John Kinross Scholar in 2010
At the time of the Scholarship:
1. How did the experience affect you as an individual?
I received the John Kinross Florence scholarship in 2010. The three months I spent in this inspiring and giving city a decade ago instilled in me the desire to explore, to learn more about the city, to better understand the events that shaped its culture and history. I continued to visit Florence in the years after the scholarship. The initial sketches and studies I had created whilst there evolved, and by 2012 I had started to study one of the city’s most defining events: the great flood of 1966. Investigating this subject has shaped the artist I am today, and taught me a lot about myself, too.
2. What was the impact on your practice?
During the time spent pursuing this project, the resulting artworks have been exhibited on several occasions – the most notable of these was to commemorate the 50th anniversary of the flood, in 2016. I’ve reached out to Florentines, and to those with a connection to the city. I’ve invited people who lived through the flood to speak at an event I organised with the British Institute in Florence, and invited authors to write about the flood for a project called ‘Perimetri Perduti’ (perimeters lost). The authors include Patricia Emison, Candia McWilliam, David Hewson, and the late Giles Waterfield.
Producing this body of work has greatly impacted the trajectory of my career, and the ways in which I approach my exhibitions and presentations. This project taught me about collaboration and audience participation. The history of the 1966 flood binds those with a connection to Florence, and for those who lived through it, its memory is just as alive today as when it happened. Those people are keen to share their experiences, and this resulted in richer output.
3. What would you say the long-term impact has been on yourself and you work?

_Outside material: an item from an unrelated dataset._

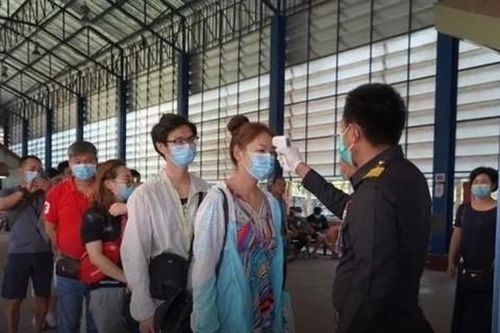 Du khách 'đặt cọc' 3.000 USD mới được nhập cảnh Campuchia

By first exploring a historic environmental event, I’ve gone on to tie the story of the flood to environmental events we’re experiencing in the present day. We ought to read the great flood as a cautionary tale for our time of climate crisis. Our Earth’s cultural landmarks are no less susceptible to forces of nature than anywhere else. The work I make today still makes reference to the city and to the flood. In 2021 I will exhibit during the Venice Biennale. The topic of the Biennale show will be environmental change and sea-rise – a subject that entered my practice as a result of my Florence work – exploring how extreme climatic events impact all of our lives.